SUPPLIED ENTRIES
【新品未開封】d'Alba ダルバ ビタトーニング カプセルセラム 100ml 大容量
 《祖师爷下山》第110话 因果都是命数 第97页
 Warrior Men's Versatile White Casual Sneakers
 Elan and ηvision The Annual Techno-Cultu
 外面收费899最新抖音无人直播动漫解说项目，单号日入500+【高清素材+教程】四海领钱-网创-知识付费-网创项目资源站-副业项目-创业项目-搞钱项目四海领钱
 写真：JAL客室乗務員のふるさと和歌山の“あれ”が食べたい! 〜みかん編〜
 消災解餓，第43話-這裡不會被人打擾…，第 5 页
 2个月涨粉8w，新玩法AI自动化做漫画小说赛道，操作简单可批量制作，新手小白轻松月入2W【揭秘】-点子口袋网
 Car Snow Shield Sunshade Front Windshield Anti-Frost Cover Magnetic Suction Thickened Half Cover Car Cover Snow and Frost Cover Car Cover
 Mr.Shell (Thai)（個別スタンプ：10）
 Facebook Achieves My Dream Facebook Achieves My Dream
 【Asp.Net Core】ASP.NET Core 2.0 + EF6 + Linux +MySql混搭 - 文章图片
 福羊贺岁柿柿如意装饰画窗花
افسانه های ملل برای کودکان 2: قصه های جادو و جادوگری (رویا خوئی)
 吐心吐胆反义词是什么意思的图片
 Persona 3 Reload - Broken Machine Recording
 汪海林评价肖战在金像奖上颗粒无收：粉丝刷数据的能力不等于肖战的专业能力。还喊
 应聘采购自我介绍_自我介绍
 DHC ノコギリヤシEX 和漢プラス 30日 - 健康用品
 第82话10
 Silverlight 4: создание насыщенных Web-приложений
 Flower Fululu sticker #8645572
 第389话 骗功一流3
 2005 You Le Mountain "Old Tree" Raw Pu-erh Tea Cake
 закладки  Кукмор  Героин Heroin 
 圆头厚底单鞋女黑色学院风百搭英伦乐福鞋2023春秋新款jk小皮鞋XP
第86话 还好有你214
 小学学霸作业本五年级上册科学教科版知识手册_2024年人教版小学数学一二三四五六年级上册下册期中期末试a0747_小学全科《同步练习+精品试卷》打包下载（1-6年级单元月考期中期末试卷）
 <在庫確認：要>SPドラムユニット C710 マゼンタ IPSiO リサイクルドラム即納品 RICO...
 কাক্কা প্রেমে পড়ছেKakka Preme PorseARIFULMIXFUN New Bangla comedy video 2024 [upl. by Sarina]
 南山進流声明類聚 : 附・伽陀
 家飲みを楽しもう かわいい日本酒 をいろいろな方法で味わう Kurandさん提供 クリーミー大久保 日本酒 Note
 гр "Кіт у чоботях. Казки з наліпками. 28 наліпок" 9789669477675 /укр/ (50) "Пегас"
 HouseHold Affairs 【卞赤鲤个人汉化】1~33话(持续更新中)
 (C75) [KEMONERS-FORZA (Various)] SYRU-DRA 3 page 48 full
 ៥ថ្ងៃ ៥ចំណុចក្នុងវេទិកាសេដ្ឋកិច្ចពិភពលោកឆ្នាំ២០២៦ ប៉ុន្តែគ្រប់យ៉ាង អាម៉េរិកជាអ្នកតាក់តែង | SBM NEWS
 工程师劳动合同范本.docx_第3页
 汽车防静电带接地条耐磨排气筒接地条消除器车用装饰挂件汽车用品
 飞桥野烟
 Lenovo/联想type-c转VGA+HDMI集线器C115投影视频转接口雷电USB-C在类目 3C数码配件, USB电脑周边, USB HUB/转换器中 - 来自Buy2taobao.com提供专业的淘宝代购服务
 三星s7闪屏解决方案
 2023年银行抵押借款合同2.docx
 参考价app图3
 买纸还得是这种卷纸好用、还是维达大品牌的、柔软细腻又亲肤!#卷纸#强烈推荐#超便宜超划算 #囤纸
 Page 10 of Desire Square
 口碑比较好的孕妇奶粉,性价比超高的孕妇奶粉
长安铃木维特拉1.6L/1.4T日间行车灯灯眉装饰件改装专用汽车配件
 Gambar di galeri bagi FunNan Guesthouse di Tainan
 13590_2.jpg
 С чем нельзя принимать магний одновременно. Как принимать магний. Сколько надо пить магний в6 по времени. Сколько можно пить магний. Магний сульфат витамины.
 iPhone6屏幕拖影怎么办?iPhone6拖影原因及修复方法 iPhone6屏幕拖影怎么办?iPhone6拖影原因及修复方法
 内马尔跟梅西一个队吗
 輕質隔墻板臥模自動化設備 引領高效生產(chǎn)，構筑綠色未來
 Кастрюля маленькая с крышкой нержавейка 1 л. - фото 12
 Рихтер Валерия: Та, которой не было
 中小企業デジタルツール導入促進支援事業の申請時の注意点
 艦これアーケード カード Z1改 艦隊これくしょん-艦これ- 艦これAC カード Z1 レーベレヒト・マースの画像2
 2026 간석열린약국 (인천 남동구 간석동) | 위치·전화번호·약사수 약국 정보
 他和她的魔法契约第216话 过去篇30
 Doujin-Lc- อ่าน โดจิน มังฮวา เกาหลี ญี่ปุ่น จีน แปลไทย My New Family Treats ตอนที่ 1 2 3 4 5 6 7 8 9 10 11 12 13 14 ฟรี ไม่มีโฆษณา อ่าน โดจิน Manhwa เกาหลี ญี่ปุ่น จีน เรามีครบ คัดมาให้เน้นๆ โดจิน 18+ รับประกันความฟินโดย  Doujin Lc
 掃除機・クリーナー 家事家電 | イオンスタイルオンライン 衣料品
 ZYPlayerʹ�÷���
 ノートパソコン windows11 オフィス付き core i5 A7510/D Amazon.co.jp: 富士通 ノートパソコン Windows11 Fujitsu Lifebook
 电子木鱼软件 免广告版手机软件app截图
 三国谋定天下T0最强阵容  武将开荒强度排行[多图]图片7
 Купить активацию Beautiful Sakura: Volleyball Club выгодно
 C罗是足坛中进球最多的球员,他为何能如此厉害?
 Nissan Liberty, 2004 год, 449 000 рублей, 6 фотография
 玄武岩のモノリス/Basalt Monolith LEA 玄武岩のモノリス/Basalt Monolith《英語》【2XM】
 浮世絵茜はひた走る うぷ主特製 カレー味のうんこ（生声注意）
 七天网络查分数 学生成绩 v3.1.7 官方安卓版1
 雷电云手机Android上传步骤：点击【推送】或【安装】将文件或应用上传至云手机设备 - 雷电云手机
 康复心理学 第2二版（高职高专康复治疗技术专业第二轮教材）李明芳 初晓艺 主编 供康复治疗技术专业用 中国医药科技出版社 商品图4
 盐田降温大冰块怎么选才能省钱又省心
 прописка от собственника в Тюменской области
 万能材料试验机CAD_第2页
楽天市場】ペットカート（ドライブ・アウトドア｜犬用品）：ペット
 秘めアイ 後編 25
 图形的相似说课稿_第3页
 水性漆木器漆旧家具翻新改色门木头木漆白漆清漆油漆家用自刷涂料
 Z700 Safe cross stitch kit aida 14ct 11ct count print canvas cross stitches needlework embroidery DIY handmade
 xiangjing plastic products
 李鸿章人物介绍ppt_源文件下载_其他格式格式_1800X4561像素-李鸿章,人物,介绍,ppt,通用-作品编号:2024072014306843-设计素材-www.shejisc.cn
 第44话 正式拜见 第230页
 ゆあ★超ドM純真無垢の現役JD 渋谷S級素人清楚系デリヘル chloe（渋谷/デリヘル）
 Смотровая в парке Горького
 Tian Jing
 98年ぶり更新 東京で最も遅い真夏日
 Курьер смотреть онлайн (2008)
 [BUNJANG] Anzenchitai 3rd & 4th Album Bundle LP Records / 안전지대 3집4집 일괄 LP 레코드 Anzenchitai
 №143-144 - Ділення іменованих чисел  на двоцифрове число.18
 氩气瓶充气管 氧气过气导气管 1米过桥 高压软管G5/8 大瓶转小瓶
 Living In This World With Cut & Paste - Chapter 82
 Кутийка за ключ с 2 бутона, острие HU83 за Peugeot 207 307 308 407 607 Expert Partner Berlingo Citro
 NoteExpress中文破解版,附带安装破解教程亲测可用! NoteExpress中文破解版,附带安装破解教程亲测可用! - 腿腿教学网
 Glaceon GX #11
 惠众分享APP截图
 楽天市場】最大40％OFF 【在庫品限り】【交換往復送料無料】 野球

YOUR GOAL
Count each line above where the string "楽天市場" occurs. Give the number only.

ANSWER FOR THIS EXERCISE
2